Let’s Program A Prisoner’s Dilemma Part 6: Eye For An Eye

It’s finally time to write a prisoner with some actual brain power. Let’s start by looking at our current prisoners and their unique issues:

Saints always cooperate, making them an easy target for defectors.

Devils always defect, which leads to bad scores for everyone when multiple devils get together.

Madmen act randomly, which means whether or not they make good choices is up to chance.

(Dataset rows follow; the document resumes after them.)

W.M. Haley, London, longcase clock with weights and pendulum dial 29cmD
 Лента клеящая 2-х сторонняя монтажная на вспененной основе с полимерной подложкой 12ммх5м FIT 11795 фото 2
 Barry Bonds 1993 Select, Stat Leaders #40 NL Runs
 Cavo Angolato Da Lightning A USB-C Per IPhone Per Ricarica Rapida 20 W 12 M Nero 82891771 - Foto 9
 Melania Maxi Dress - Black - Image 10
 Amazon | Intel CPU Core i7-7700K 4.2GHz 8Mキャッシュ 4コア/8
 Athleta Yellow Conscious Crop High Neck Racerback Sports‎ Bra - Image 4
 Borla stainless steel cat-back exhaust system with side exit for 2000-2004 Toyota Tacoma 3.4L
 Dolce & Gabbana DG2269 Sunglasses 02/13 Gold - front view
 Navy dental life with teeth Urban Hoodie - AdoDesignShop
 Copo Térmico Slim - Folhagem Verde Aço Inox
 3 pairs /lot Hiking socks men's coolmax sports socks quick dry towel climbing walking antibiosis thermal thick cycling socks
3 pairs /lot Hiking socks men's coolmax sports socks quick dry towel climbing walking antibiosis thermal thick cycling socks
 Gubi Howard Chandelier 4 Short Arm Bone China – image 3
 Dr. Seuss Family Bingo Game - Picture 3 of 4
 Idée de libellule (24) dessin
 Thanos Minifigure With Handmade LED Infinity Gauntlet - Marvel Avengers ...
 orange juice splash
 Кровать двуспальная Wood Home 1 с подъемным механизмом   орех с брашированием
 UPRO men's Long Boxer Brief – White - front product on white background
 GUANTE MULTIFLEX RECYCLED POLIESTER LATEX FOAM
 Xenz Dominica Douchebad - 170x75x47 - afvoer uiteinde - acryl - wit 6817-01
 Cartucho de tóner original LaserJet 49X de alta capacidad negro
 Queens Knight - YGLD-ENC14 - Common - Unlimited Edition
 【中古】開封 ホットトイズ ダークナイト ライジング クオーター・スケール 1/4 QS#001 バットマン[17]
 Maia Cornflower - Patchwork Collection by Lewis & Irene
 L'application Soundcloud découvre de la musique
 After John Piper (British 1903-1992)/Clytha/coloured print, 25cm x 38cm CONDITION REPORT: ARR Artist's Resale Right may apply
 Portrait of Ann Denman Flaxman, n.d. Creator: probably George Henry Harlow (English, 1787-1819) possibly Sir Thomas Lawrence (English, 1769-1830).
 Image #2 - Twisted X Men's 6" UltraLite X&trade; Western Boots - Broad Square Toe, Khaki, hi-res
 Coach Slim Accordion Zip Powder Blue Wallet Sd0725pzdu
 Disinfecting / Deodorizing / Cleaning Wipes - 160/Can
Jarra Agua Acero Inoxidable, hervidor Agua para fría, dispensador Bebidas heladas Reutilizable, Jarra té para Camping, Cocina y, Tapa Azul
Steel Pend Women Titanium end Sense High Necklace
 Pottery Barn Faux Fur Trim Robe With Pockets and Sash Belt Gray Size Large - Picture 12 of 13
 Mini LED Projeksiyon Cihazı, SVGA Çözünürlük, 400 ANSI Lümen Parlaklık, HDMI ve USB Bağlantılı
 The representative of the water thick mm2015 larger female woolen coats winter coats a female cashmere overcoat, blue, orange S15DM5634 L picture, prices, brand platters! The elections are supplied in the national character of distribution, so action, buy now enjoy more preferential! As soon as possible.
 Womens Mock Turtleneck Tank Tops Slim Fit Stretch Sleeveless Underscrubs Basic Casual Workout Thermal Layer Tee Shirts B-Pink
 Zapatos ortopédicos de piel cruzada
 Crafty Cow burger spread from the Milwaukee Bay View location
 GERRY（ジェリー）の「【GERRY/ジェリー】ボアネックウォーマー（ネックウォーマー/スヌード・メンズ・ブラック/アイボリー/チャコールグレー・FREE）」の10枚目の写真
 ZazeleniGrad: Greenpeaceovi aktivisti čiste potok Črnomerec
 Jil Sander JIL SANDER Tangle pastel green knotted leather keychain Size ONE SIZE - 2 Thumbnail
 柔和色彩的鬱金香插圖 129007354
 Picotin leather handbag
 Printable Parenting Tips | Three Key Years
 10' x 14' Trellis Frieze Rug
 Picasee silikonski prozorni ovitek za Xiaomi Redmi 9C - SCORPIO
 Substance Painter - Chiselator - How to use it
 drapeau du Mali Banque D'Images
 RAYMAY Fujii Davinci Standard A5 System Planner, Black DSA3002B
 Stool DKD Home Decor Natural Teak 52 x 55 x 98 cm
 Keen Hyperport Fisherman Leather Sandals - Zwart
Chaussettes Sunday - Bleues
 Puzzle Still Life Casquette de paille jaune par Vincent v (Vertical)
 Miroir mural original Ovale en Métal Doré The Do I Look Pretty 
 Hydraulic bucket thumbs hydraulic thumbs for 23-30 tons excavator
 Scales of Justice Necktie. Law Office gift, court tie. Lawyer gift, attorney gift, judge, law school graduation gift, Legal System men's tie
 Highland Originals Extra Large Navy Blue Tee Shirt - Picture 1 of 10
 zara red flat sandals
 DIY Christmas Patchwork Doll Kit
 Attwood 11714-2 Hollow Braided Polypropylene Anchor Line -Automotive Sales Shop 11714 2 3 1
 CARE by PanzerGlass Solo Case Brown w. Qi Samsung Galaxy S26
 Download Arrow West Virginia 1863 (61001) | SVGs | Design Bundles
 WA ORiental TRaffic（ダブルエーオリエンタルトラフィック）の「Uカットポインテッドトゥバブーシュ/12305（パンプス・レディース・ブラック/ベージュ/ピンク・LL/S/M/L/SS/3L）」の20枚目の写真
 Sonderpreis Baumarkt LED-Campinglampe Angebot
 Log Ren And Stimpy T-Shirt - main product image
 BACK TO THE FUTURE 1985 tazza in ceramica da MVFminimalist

What we really want is a prisoner that cooperates when cooperating is a good idea and defects in self defense when it suspects its about to be betrayed. A prisoner that can judge whether or not its partner deserves to be trusted.

Trust No One?

But how will our new “judge” type prisoner decide who to trust? The only thing it will know about its partner is their ID. There’s no way to force the other prisoner to reveal their strategy*, or at least there shouldn’t be. After all, the prisoner’s dilemma is meant to model real life and most real humans aren’t mind readers.

So how will our judge decide how to make decisions if he can’t read minds or see the future? The same way we humans do. We trust people who act trustworthy and we are suspicious of people who betray us.

This leads to a strategy called “tit-for-tat”, where you treat your partner the same way they treat you. If they betray you then the next time you meet them you betray them. If they cooperate then the next time you see them you pay them back by cooperating.

To pull this off we’re going to have to give our judges a memory.

Remember that reportResults function that we programed into the original prisoner class? We’ve been ignoring that so far because none of our prisoners needed it. Saints, devils and madmen always act the same way so they don’t really care how their partners act.

But our judge can use the info from reportResults to build a list of people he can and can’t trust. All we have to do is initialize a blank hash when the judge is created. Then every time reportResults is called we update that hash. We then use this hash in cooperate? by taking the provided partner ID, looking up in our hash whether or not they like to cooperate and then matching their behavior.

But wait! What do we do the first time we meet a new player? We can’t copy their behavior if we’ve never seen how they behave!

The answer is to remember the Golden Rule and “Treat others like you want to be treated”. That means the first time a judge meets a new player he will cooperate. Not only is this good manners, it helps make sure that when judges meet each other they will get locked into a loop of infinite cooperation instead of a loop of infinite betrayal.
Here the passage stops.